London 2012: Games boost for 'Brand Britain'
Middle-class consumers in China and India are more likely to visit Britain as a result of publicity surrounding the Olympics, research suggests.
A new survey found 63% of Chinese and 60% of Indian consumers interviewed said they would like to buy more British products.
Three quarters of those surveyed said they wanted to learn more about the UK.
And 80% said they were more likely to want to visit Britain in light of the publicity surrounding the Games.
Although not as emphatic, the survey found increased interest in the UK among respondents from France, Germany and the US - with roughly half those interviewed saying they were more interested in visiting Britain as a result of London 2012.
The survey was part of consumer research by Deloitte, London 2012's official professional services provider, who surveyed 6,000 consumers in China, France, Germany, India, the UK and the US in March.
'Shot in the arm'
Simon Oaten, director in the consumer business industry at Deloitte, said there had always been a strong underlying demand to visit Britain, but that London 2012 was giving the UK a "shot in the arm".
"In the current environment while there's limited growth in Western Europe and North America, there's significant growth in China and India," he told the BBC.
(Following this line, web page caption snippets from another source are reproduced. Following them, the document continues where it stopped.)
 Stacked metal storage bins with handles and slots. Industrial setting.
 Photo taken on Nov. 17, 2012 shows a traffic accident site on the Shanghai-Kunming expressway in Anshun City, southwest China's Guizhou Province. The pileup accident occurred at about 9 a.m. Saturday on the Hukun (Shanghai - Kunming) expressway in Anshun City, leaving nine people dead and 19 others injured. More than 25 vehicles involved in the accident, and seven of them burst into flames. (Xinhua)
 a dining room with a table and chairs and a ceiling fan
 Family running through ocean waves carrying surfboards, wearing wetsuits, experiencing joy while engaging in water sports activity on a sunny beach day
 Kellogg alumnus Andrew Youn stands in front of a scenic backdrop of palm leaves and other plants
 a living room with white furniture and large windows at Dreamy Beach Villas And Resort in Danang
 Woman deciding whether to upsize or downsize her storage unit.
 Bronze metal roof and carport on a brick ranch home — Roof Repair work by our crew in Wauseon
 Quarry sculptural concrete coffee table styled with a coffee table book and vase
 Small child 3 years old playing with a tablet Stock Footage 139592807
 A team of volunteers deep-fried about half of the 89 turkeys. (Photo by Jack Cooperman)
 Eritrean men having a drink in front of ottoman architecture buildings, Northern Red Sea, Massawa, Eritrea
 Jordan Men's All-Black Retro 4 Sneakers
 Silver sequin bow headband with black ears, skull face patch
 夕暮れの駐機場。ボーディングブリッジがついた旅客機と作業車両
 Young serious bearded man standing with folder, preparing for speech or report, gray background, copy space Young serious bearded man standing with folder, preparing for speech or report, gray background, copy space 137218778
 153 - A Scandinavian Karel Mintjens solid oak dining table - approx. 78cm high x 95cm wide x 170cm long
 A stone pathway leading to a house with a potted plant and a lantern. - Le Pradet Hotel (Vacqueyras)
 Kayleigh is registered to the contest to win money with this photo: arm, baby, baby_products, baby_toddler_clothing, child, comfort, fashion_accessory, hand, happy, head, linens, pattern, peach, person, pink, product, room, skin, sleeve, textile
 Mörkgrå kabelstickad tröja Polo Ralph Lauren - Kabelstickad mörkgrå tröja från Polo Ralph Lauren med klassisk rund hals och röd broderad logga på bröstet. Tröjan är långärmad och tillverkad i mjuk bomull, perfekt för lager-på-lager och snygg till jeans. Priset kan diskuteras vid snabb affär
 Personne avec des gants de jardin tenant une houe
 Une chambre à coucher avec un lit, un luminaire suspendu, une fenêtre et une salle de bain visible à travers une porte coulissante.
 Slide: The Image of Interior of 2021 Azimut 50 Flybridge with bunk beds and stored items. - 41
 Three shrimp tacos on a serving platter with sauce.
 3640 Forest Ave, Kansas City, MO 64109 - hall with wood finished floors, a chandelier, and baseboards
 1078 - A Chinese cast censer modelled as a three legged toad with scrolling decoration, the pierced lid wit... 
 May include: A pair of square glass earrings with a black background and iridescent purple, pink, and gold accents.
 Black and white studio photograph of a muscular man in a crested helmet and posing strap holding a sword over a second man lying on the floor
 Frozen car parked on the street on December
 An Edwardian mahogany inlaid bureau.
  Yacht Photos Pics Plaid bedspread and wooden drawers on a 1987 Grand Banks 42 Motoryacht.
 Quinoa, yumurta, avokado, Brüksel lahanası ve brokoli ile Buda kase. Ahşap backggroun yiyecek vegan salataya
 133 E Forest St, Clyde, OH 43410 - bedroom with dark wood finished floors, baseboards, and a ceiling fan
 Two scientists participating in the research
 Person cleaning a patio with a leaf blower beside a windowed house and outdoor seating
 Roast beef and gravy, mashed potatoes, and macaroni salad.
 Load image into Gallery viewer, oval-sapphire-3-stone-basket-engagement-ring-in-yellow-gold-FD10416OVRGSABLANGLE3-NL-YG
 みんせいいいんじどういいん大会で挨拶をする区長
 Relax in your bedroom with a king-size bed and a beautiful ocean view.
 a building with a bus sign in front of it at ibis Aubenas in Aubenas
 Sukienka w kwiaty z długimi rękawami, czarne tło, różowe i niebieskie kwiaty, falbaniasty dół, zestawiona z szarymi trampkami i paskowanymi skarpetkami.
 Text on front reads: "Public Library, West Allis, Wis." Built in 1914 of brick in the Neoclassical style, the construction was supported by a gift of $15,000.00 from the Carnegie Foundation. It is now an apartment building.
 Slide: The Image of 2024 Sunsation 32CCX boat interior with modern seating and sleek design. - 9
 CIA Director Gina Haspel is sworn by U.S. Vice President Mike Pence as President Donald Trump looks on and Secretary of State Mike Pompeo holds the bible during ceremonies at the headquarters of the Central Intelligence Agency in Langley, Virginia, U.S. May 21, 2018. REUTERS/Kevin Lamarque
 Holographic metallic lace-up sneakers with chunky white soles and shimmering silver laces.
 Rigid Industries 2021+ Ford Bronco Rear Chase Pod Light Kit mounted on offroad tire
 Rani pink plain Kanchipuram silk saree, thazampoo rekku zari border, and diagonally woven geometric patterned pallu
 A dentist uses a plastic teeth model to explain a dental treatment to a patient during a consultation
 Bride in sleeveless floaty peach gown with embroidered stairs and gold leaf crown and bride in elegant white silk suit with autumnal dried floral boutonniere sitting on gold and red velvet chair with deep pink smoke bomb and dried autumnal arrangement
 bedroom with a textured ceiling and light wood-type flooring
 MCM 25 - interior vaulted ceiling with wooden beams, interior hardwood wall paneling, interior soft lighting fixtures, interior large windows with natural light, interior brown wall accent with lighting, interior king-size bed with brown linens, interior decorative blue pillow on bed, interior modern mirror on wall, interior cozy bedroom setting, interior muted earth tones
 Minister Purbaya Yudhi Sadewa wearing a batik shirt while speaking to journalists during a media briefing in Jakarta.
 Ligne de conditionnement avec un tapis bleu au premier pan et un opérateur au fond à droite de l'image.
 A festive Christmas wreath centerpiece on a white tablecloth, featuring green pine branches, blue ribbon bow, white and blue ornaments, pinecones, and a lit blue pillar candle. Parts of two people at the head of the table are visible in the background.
"Given the UK economy's growth prospects, it is important for consumer businesses to develop relationships with overseas customers, particularly from markets such as India and China," he told the BBC.
Chinese tourists spent an estimated £69bn in 2011 - a 25% year-on-year increase - and Mr Oaten said the spending power of China's middle class was set to increase by 5% in the next decade.
"It's difficult to quantify how much of that could be spent in the UK, but retailers and hospitality operators in the UK who understand the shifting global demographics will reap the rewards," said Mr Oaten.
"The Games represent a unique opportunity and a unique point in time of those emerging markets focusing on the UK.
"It's critical that we don't forget that it's an incredibly competitive market."